Bristol-Myers Squibb has decided to go shopping in the world of pharmaceuticals, picking up Mirati Therapeutics for a cool $4.8 billion. They’re throwing around $58 per share in cash, making it rain for the shareholders. But wait, there’s more! They’re financing this fancy purchase with a mix of cash and debt, because even big pharma needs a little credit sometimes.

Now, here’s the twist in the tale: Bristol-Myers Squibb expects this transaction to put a little dent in their non-GAAP earnings per share, roughly 35 cents per share in the first year. It’s like buying a shiny new sports car – it looks great, but it might cost you a bit more at the gas pump.

But fear not, Mirati shareholders! You won’t be left empty-handed. For each share you hold, you get a special treat – a Contingent Value Right. It’s like the golden ticket to Willy Wonka’s chocolate factory, potentially worth $12.00 per share in cash. Now that’s a sweet deal!

And let’s not forget the star of the show – Mirati’s lung cancer drug, Krazati, got the nod from the U.S. health regulator. So, Bristol-Myers Squibb is not just buying a company; they’re getting their hands on a potentially game-changing drug. Looks like they’re making moves in the world of cancer treatment.

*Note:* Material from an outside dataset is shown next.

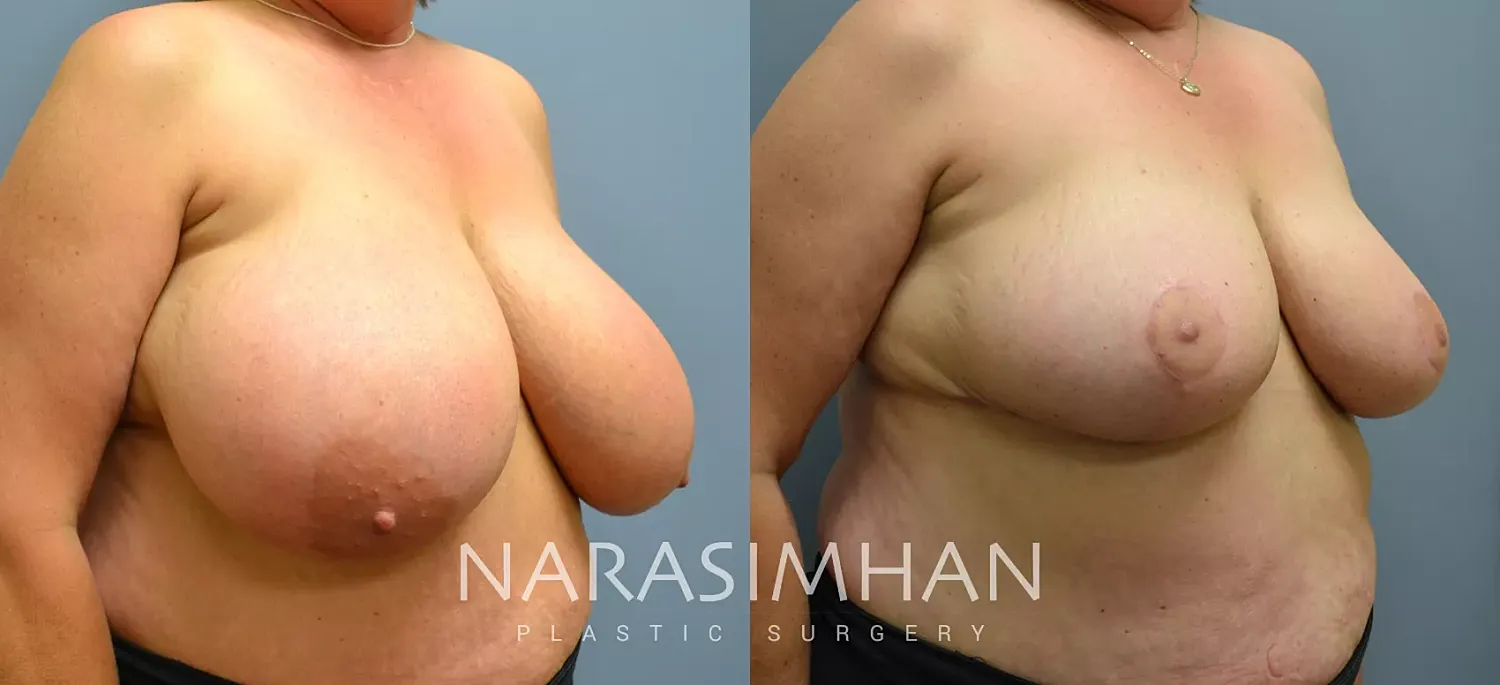 Breast Enhancement Before & After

Investing is like a thrilling roller coaster ride for your money, but with a financial safety net. It’s where you put your hard-earned cash to work, allowing it to do the heavy lifting while you sit back and sip your latte. Sure, there are ups and downs, just like on that roller coaster, but if you buckle up and ride it out, you might just end up with a wallet that’s heavier than when you started. So, whether you’re a Wall Street wizard or just a regular Joe with a 401(k), remember: Investing is like playing chess with your dollars, and with a bit of strategy and a pinch of patience, you can checkmate your financial goals.